The Government of Canada conducted a public consultation for this tribute from January 7 to February 7, 2022. The goal of the survey was to solicit feedback on the purpose and function of the commemoration, and to inform what type of physical tribute could be established. The results of the survey will be posted here in the coming months.

A statue showing three figures standing on a rock. The figures are a soldier holding hands with two children, a boy and a girl.
Silent Witness Memorial in Gander, Newfoundland
Credit: Gander Airport Historical Society
A person is outside, walking through a stone labyrinth set in a grassy lawn.
Boston College 9/11 Memorial Labyrinth in Chestnut Hill, Massachusetts
Credit: Boston College, Office of University Communications
A large plaque sits on a stone plinth above cobblestone pavers. It is surrounded by fallen autumn leaves.
Air India Memorial plaque in Ottawa, Ontario

Residential Schools National Monument

The Truth and Reconciliation Commission (TRC) Call to Action #81 calls “upon the federal government, in collaboration with Survivors and their organizations, and other parties to the Settlement Agreement, to commission and install a publicly accessible, highly visible, Residential Schools National Monument in the City of Ottawa to honour Survivors and all the children who were lost to their families and communities.”

On August 10, 2021, the Government of Canada announced $20 million had been set aside to build the national monument.

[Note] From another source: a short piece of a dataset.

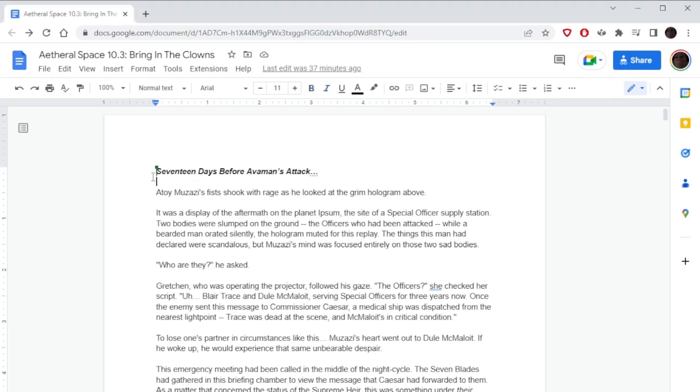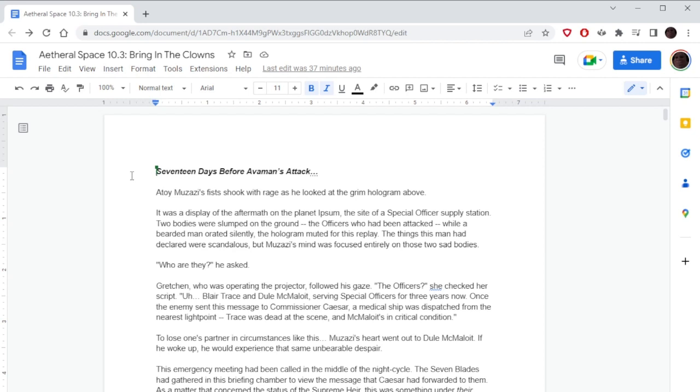Hello, welcome back to Aether Space 10.3: Bring in the Clouds. We are back. So one thing I realized with this countdown is what did it start at? Like 26 days? It was like 22. So that's how many days passed in peace before the events of the end of Arc 9. We're not here for that, we're here for Arc 10 now.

Establishing a Vision for the Monument

A National Survivor Consultation Workshop was held on October 22, 2019. The Survivor-led visioning process was organized and facilitated by former TRC Commissioner Dr. Marie Wilson, in collaboration with Canadian Heritage. The workshop brought together First Nations, Inuit, and Métis representatives, and included perspectives from every region of Canada. Participants included members of the TRC Survivors Advisory Committee, Intergenerational Survivors, TRC Honorary Witnesses and representation from the National Centre for Truth and Reconciliation.

Survivor-led Steering Committee

At the end April 2022 a Survivor-led Steering Committee was established to oversee the monument project through to its completion. It will oversee the implementation of the guiding vision established by the 2019 Workshop, ensuring the project remains grounded in Indigenous values. The 16-member Committee will also provide advice and guidance on such matters as site selection, the design competition process, and the development of educational content and programming.